CTWatch Quarterly » Scientific Data Management: Essential Technology for Accelerating Scientific Discoveries

Scientific Data Management: Essential Technology for Accelerating Scientific Discoveries

Arie Shoshani, Lawrence Berkeley National Laboratory
Ilkay Altintas, San Diego Supercomputer Center
Alok Choudhary, Northwestern University
Terence Critchlow, Pacific Northwest National Laboratory
Chandrika Kamath, Lawrence Livermore National Laboratory
Bertram Ludäscher, University of California, Davis
Jarek Nieplocha, Pacific Northwest National Laboratory
Steve Parker, University of Utah
Rob Ross, Argonne National Laboratory
Nagiza Samatova, Oak Ridge National Laboratory
Mladen Vouk, North Carolina State University

The Three-Layer Organization of the SDM Center

As part of our evolutionary technology development and deployment process (from research through prototypes to deployment and infrastructure) we have organized our activities in three layers that abstract the end-to-end data flow described above.
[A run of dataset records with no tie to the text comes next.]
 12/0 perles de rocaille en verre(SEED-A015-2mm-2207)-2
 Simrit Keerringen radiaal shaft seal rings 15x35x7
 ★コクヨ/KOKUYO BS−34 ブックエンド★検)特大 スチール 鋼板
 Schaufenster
We labeled the layers as Storage Efficient Access (SEA), Data Mining and Analytics (DMA), and Scientific Process Automation (SPA). The SEA layer is immediately on top of hardware and operating systems, providing parallel data access to files and transparent access to archival storage. The DMA layer, which builds on the functionality of the SEA layer, consists of indexing, feature selection, and parallel statistical analysis technology. The SPA layer, which is on top of the DMA layer, provides the ability to compose workflows from the components in the DMA layer as well as application specific modules. Figure 1 shows this organization and the components developed by the center and applied to various scientific applications.

Figure 1. The three-layer organization of technologies in the SDM Center.
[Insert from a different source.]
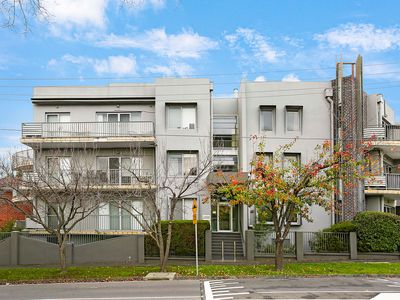 6/42-50 Napier Crescent, Essendon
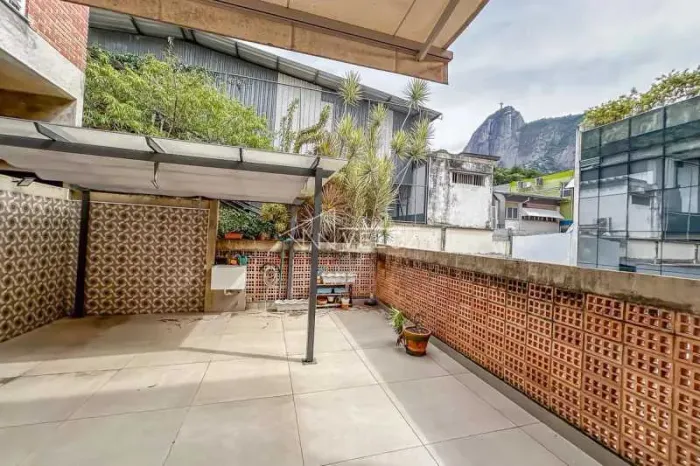 Apartamento : Padrão / Residencial / Botafogo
Over the last several years, the technologies supported by the SDM center have been deployed for a variety of application domains. Some of the most notable achievements are:

More than a tenfold speedup in writing and reading netCDF files has been achieved by developing MPI-IO based Parallel netCDF software being utilized by astrophysics, climate, and Parallel VTK.
An improved version of PVFS is freely available to the community and offered through cluster vendors. In addition to operating on clusters, it is routinely used on the IBM BlueGene/L and soon on the BlueGene/P.
Methods for the correct classification of orbits in puncture plots and for “blob tracking” from the National Compact Stellarator eXperiment (NCSX) at PPPL were using a combination of image processing, statistics, and pattern recognition techniques.
A new bitmap indexing method has enabled an efficient search over billions of collisions (events) in High Energy Physics, and is being applied to combustion, astrophysics, and visualization domains. It achieves more than a tenfold speedup in generating regions and tracking them over time.
The development of a Parallel R, an open source parallel version of the popular statistical package R. This is being applied to climate, GIS, and mass spec proteomics applications.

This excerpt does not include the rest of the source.